Hungary Says Spilled Toxic Red Sludge's Arsenic Content Exceeded Limit
The arsenic content of the toxic sludge released in Hungary when a reservoir burst last week exceeded the limit for such waste in the vicinity of the wall breach, the Hungarian Academy of Science said today.
The collapse of the wall on Oct. 4 unleashed a torrent of toxic material on nearby villages that eventually reached the Danube through local waterways. The number of people killed by the toxic waste reached nine after a victim died in the hospital today, the country’s emergency service said on its website.
Scientists are continuing tests to determine the reason for the elevated arsenic content, the academy in Budapest said in an e-mailed statement today.
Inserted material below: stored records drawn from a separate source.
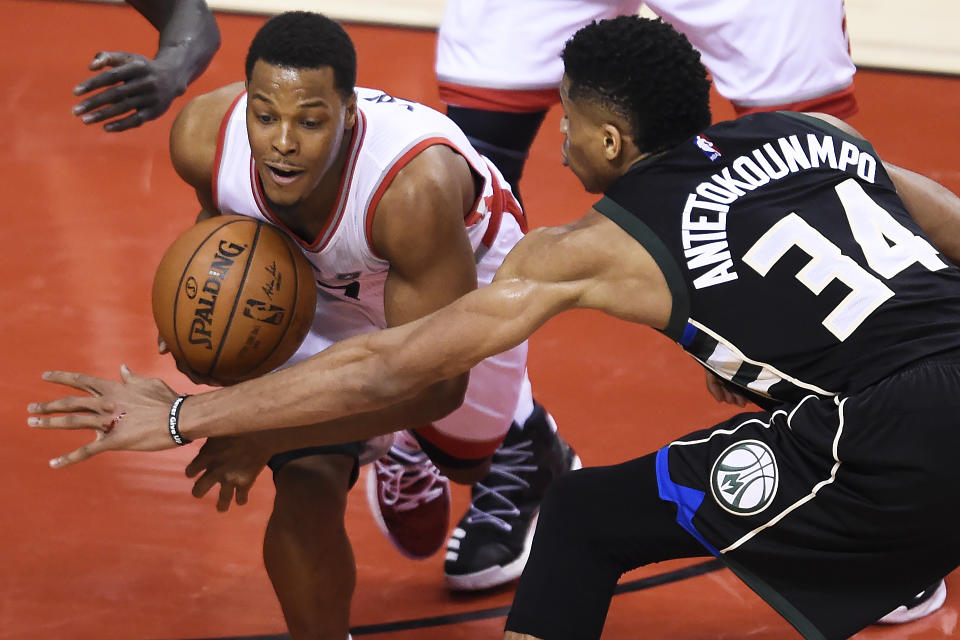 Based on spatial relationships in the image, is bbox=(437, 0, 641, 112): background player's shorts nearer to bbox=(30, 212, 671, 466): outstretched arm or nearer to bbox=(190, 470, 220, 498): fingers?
bbox=(30, 212, 671, 466): outstretched arm

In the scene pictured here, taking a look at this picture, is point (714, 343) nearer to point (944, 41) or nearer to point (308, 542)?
point (308, 542)

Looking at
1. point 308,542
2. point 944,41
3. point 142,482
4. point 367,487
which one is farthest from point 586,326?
point 944,41

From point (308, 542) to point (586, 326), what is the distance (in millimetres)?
1986

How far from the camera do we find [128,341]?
4508mm

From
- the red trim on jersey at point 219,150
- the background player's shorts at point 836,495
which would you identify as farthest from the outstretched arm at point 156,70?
the background player's shorts at point 836,495

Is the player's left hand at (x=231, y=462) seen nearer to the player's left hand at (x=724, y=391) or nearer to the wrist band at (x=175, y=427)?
the wrist band at (x=175, y=427)

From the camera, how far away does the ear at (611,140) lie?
262cm

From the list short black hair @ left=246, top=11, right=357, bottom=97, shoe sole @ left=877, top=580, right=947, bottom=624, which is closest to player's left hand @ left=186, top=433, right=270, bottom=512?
short black hair @ left=246, top=11, right=357, bottom=97

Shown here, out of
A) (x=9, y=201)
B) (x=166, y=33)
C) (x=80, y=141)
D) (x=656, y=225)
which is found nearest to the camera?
(x=656, y=225)

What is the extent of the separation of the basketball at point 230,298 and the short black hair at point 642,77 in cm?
73

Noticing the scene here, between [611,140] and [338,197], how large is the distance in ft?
2.17

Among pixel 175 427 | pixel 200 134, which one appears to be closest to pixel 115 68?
pixel 200 134

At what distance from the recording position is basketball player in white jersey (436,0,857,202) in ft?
11.9

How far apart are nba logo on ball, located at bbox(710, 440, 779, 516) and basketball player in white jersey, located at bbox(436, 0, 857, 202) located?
143cm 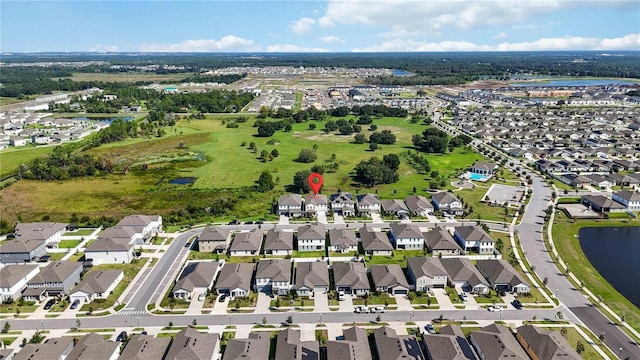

The waste material’s content of cadmium, chromium, mercury, nickel, lead and zinc was within the limit, according to the statement.
“Water reserves aren’t directly threatened by the toxic material as not even the most hazardous heavy metals contained in the sludge seeped deeper than 10 centimeters into the ground,” the academy said.
An aerial photo of the reservoir, taken by the Hungarian company Interspect on June 11, showed a leak at the northern wall of the reservoir, the environmental group WWF Hungary said on its website. The company, which specializes in aerial photography, shared the photo with universities and environmental groups, Interspect director Gabor Bako told the Associated Press.
Hungary’s government has no evidence of the toxic sludge reservoir that burst last week having leaked before the spill, disaster commissioner Gyorgy Bakondi told Bloomberg News in Veszprem, Hungary today.
The government’s environmental agency examined the reservoir two weeks before the accident and found everything in order, AP said. Police are scrutinizing the photo as part of an investigation into the causes of the accident, according to AP.
There has been no shift at the endangered section of the reservoir wall and two of three dikes planned to contain a potential new spill have been completed, according to the government’s website. The third is being elevated, it said.
The worst-hit towns of Kolontar and Devecser, about 160 kilometers (100 miles) southwest of Budapest, are now safe because of the dikes, Interior Minister Sandor Pinter told reporters in nearby Veszprem today.
Workers at Magyar Aluminium Zrt., the alumina plant that owns the reservoir, testified against Zoltan Bakonyi, the detained top executive at the company, also known as Mal, Nepszabadsag said.
Investigators have more than 20 statements against Bakonyi, including from other executives, which claim that he had been aware of the diluted sludge seeping through the wall of the reservoir, the Budapest-based newspaper said, without citing anyone. A court in the town of Veszprem will decide today on the potential extension of Bakonyi’s detention, a spokeswoman for the court told Bloomberg News.
Lajos Tolnay, Mal’s chairman and 40 percent owner, said the accident was caused by “an unpreventable outside force, that is, the outcome of conditions in nature,” Figyelo reported. Mal staff followed all the regulations governing sludge storage, he said in an interview with the Budapest-based weekly, to be published tomorrow.
The government has excluded the possibility of the accident having been a result of natural causes and “could only have been a human or technological error,” Bakondi said in Veszprem today. Mal may resume production tomorrow or Friday after the state took control of the company and froze its assets, he said.